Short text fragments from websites
____________________

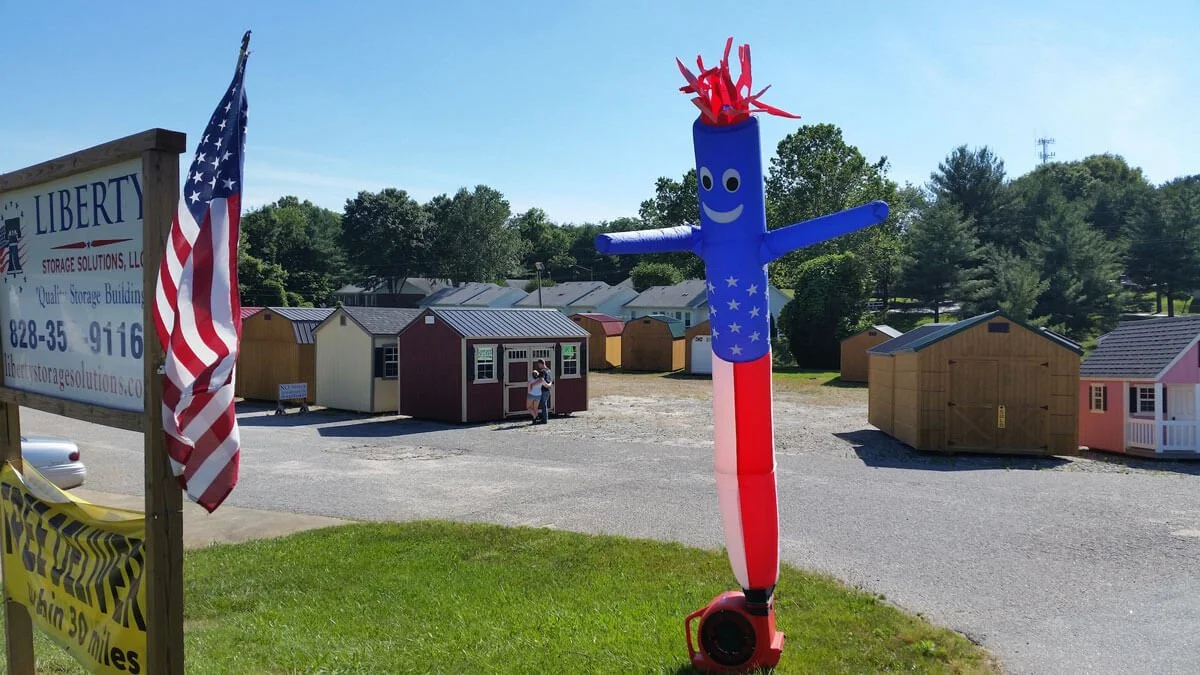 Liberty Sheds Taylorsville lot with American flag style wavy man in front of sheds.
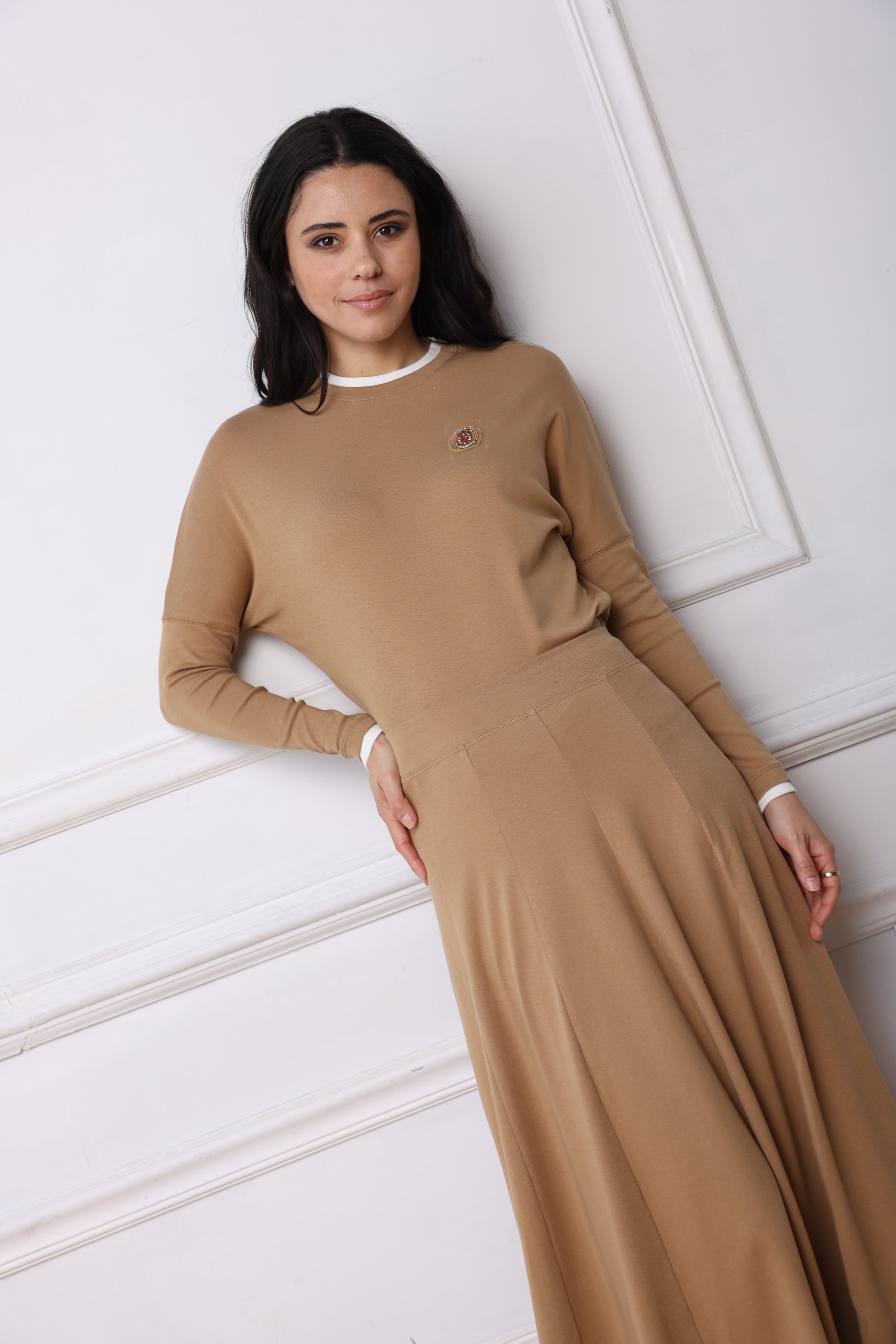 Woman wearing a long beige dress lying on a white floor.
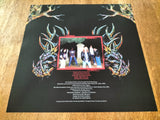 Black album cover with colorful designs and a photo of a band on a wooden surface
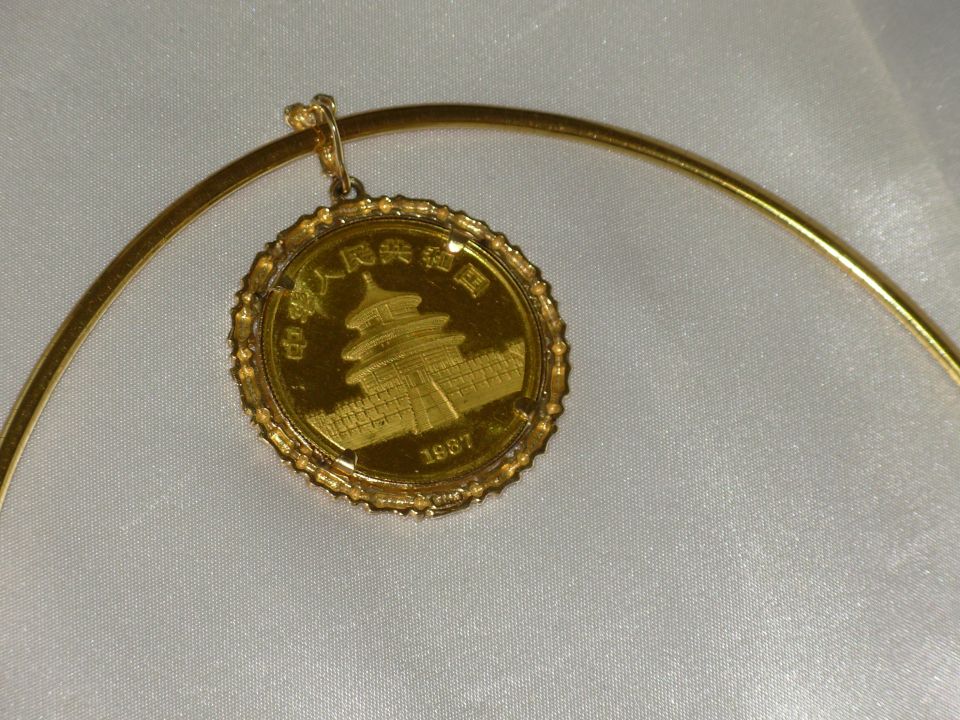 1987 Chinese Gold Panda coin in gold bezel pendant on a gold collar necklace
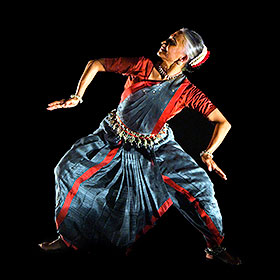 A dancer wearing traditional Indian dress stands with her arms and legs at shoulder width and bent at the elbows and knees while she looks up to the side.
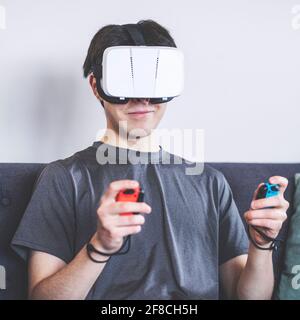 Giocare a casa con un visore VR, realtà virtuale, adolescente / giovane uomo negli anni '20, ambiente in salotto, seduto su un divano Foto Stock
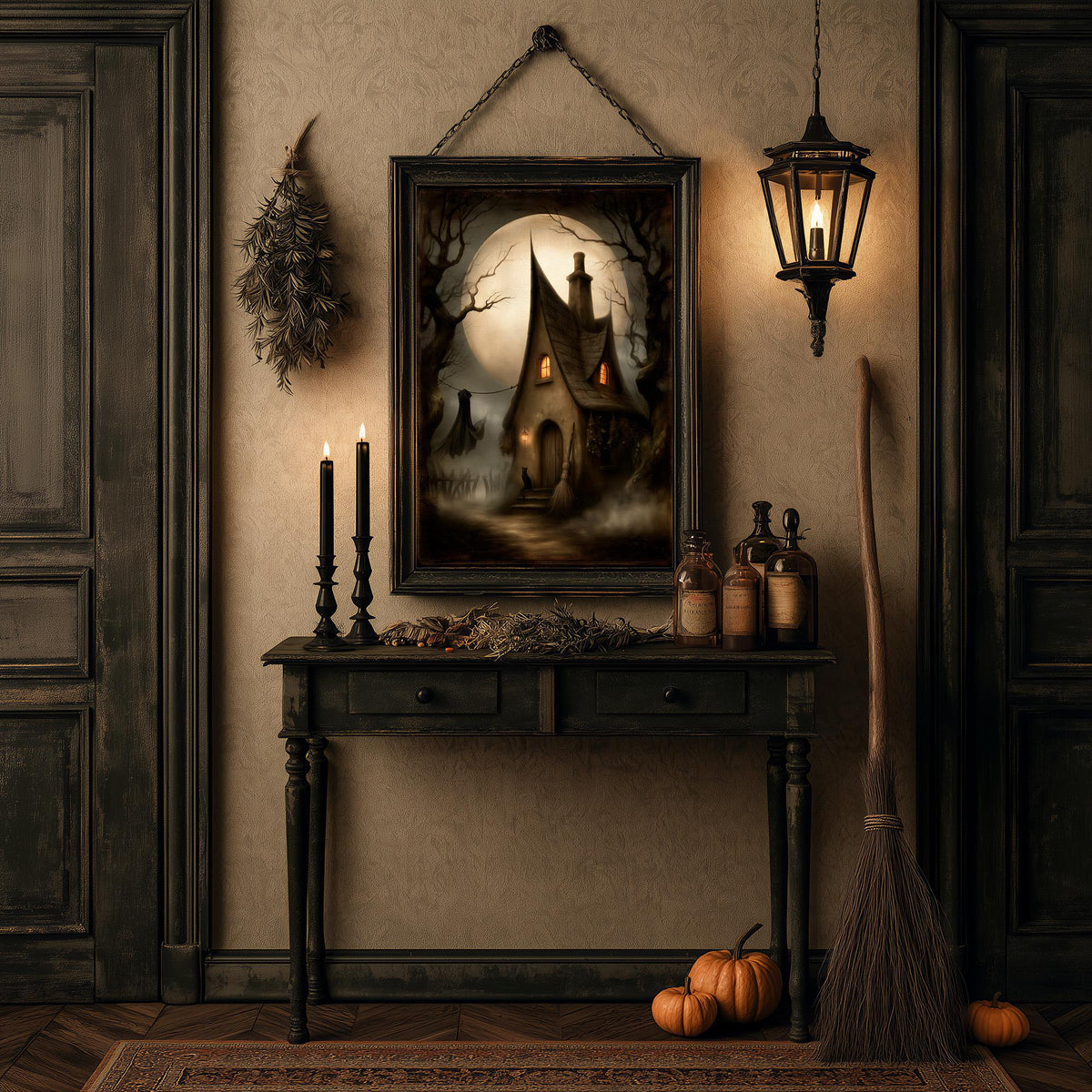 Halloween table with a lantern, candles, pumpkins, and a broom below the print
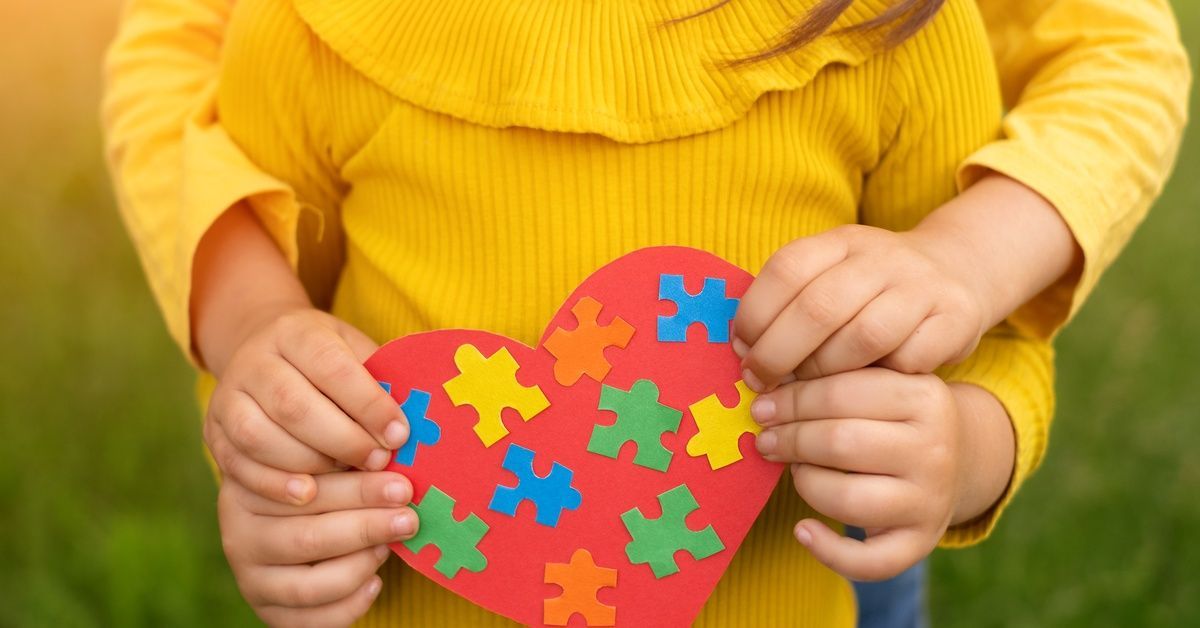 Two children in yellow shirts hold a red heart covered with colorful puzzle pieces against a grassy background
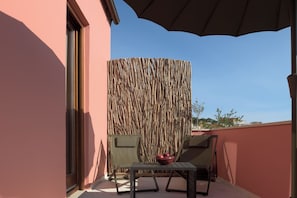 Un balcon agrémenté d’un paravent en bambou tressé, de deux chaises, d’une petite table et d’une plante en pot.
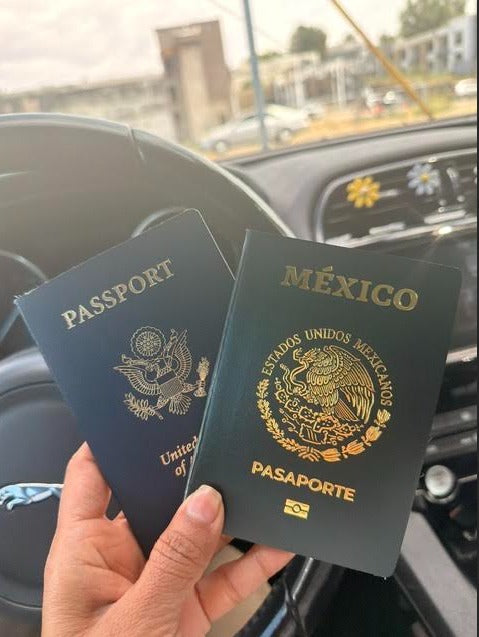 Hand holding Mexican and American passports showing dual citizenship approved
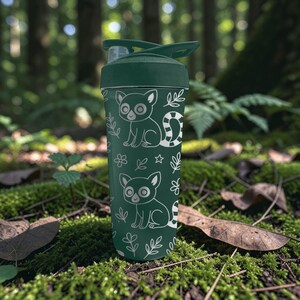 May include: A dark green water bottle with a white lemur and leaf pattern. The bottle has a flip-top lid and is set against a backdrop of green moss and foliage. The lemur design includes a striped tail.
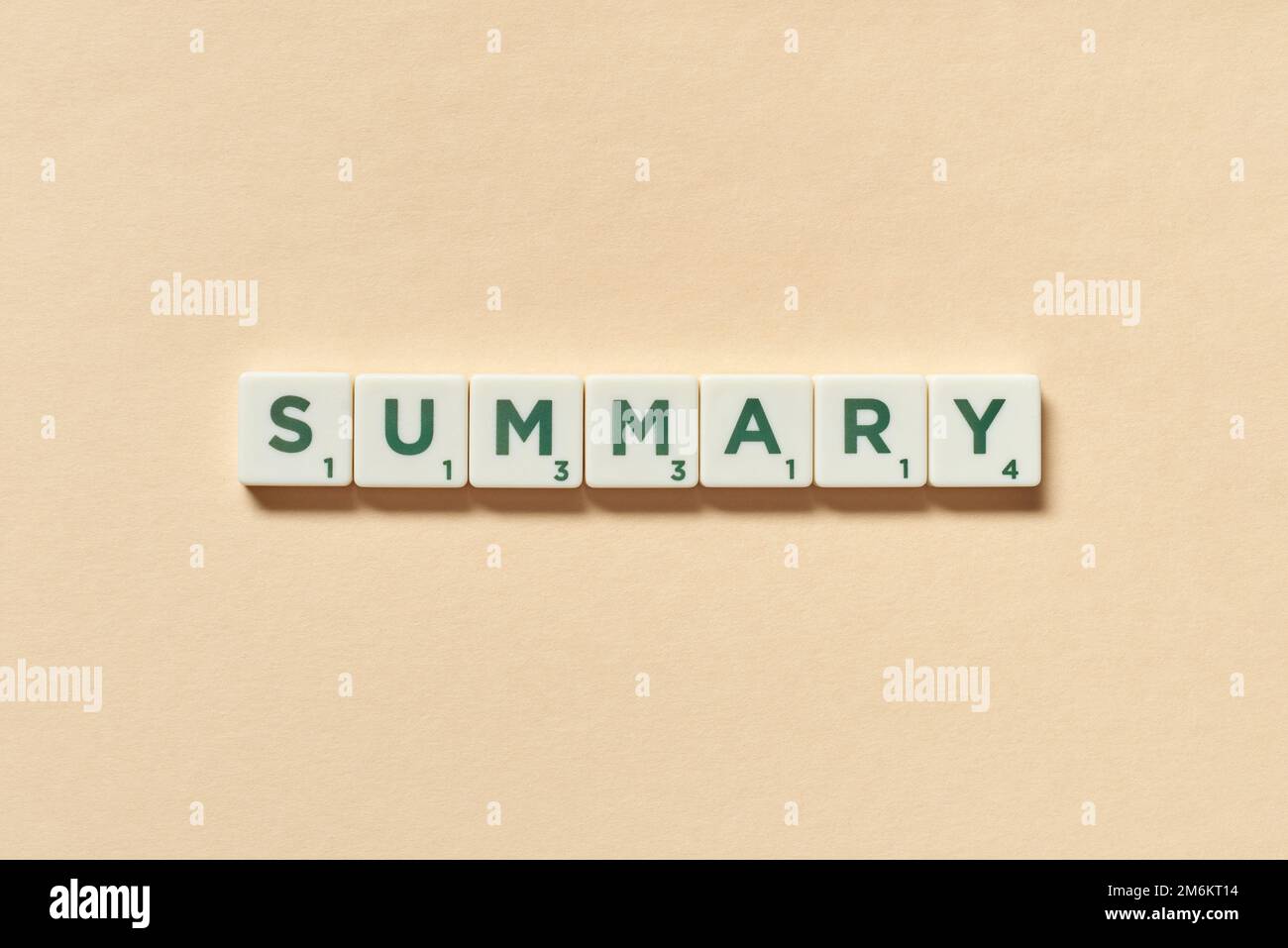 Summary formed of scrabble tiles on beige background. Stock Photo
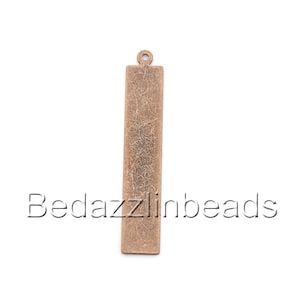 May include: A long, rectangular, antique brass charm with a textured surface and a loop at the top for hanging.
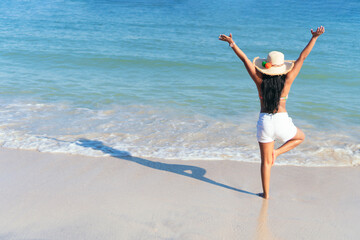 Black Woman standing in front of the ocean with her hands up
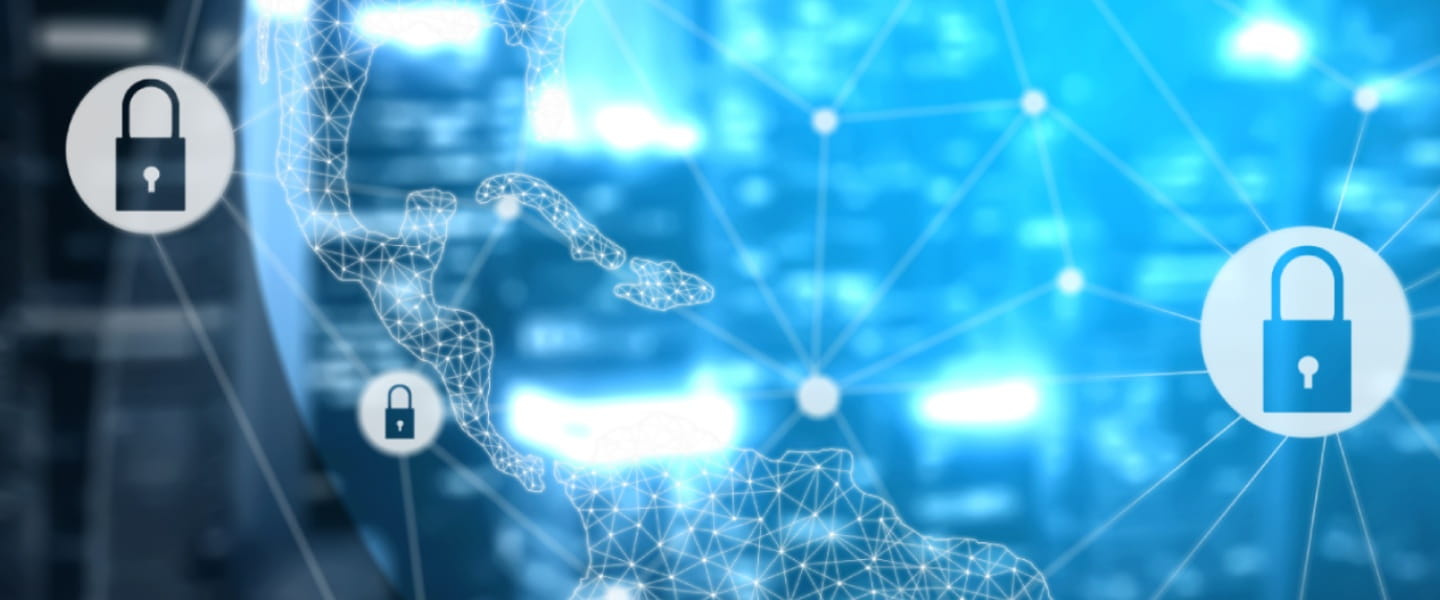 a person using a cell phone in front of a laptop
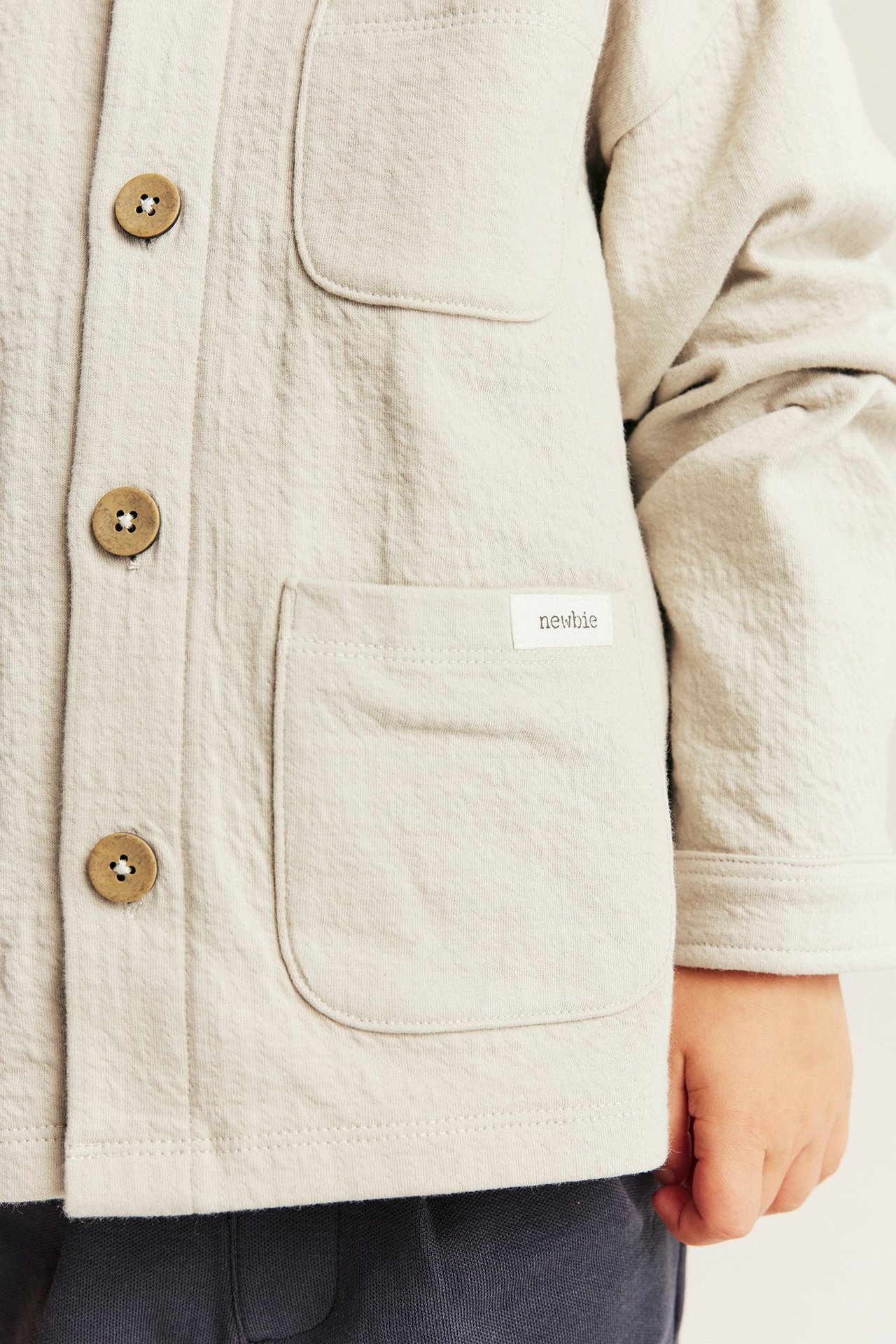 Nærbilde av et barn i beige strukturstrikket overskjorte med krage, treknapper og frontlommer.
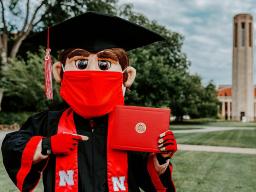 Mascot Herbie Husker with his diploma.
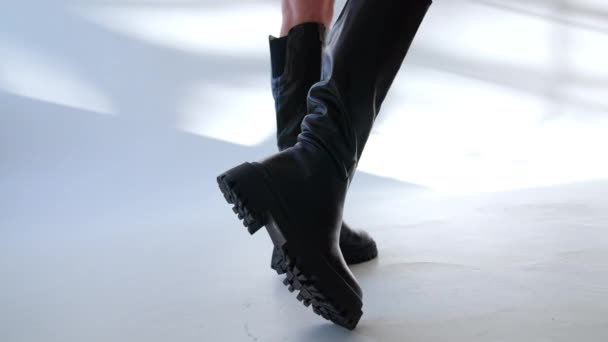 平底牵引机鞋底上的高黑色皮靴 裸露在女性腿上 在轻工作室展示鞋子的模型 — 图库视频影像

____________________

PROBLEM TO WORK ON: Nothing but the lines from the one with "1987 Chinese Gold" to the one with "Two children in" above, both included, should be transcribed, exactly and without pictures.

ANSWER SPACE:
 1987 Chinese Gold Panda coin in gold bezel pendant on a gold collar necklace
 A dancer wearing traditional Indian dress stands with her arms and legs at shoulder width and bent at the elbows and knees while she looks up to the side.
 Giocare a casa con un visore VR, realtà virtuale, adolescente / giovane uomo negli anni '20, ambiente in salotto, seduto su un divano Foto Stock
 Halloween table with a lantern, candles, pumpkins, and a broom below the print
 Two children in yellow shirts hold a red heart covered with colorful puzzle pieces against a grassy background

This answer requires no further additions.